Son madres que siguen maternando a sus hijos en la ausencia, yendo a las jornadas de búsqueda preparadas con sus herramientas, con la comida para el mediodía y el rostro de sus hijos impreso en las playeras como irían a una junta de padres de familia en la escuela. Pero están también maternando a los hijos de las otras madres, las que tienen el privilegio de no haber perdido uno; están protegiendo a los hijos de todas con su lucha por visibilizar esta situación.

¿Cuál es la complicidad de los gobiernos con la situación de los desaparecidos?
¿Pues cómo puede desaparecer una persona cada 45 minutos en un país que se presume Estado de Derecho sin la omisión, indolencia, negligencia y sí, a veces complicidad, del gobierno?
¿Cómo puede haber fosas clandestinas en el 75% del territorio nacional sin que volteemos a mirar a los gobiernos locales, estatales y federales?
¿Con qué cara miran las autoridades a las familias buscadoras cuando han sido las familias las que mapearon y geolocalizaron las cerca de 6.000 fosas clandestinas del territorio?
Todas esas preguntas señalan una sola cosa: el gobierno no hace nada porque no puede —conclusión tremenda— o porque no quiere: conclusión fatal.
¿Qué se siente al echar la vista atrás como narradora?
Es una sensación agridulce. En cada presentación de este libro procuro que me acompañe algún miembro de colectivos buscadores, me han acompañado en Ciudad de México, Querétaro, Michoacán y Nuevo León… escucharles es seguir aprendiendo un vocabulario, es poner el cuerpo junto a ellos y resistir para hacer memoria; abrazarnos, darnos contención emocional a partir de un libro es una de las cosas más gratificantes y humanizantes de la literatura.
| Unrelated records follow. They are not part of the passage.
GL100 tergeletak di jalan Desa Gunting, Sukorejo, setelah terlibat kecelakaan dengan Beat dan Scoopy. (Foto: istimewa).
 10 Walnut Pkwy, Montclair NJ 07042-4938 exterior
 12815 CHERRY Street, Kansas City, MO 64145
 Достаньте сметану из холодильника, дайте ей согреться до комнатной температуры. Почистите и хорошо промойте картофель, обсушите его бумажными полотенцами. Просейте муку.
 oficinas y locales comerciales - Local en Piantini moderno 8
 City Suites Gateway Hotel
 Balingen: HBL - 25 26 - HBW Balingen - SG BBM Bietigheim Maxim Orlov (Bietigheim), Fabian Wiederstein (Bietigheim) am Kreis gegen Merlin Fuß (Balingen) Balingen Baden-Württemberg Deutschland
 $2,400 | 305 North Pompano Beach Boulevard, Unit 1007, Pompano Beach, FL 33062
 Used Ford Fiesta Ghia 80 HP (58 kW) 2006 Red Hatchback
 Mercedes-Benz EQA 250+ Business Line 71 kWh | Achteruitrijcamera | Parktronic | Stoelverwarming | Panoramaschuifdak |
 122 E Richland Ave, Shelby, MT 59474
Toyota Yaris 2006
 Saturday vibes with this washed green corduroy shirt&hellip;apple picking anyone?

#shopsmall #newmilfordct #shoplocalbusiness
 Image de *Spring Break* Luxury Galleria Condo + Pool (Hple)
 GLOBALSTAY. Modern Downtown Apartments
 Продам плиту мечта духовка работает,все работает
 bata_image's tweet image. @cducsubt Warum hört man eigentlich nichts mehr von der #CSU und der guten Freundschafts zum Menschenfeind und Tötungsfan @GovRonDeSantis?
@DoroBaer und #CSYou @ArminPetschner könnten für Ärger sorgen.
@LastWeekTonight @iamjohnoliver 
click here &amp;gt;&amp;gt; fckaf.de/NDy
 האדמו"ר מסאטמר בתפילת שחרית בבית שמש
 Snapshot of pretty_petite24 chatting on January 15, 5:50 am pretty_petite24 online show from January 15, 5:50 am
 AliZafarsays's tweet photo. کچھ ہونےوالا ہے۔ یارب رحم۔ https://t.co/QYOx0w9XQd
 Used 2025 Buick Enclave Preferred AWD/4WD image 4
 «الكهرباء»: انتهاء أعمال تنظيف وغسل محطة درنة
Y es también una rabia que no crece, una sensación tremenda de impotencia cuando miro la lista final de mi libro con nombres de personas desaparecidas y sé que esas más de veinte páginas son apenas un atisbo de una ausencia de nombres que se cuenta por cientos de miles.
¿Cuál es la relación entre literatura y política?
Es inevitable y, sin embargo, no es su único propósito; creo que la literatura debe siempre tener la libertad de sobrepasar límites, definiciones, ideologías y objetivos.
Pero la latencia de un dolor colectivo dentro de un sistema social, cuando entraña una tragedia de las dimensiones que está ocurriendo con los desaparecidos en México, se vuelve una incomodidad tan grande que es ineludible tomar una postura política.
Yo he querido tomarla para acompañar con esta narración el momento que están viviendo miles de familias mexicanas y también como un pequeñísimo acto de memoria.
¿Cómo ve la literatura mexicana actual?
Yo creo que estamos viviendo un momento fértil y precioso a partir de que las voces narrativas femeninas estamos encontrando eco en las editoriales y en los lectores.
Me parece que la gran aportación que han traído Cristina Rivera Garza, Fernanda Melchor, Elvira Liceaga, Aura García-Junco, Liliana Blum y tantas otras escritoras, contemporáneas todas, no es solo «el punto de vista» sino que además de la mirada, ponemos en palabras la experiencia de habitar este país y este tiempo siendo mujeres.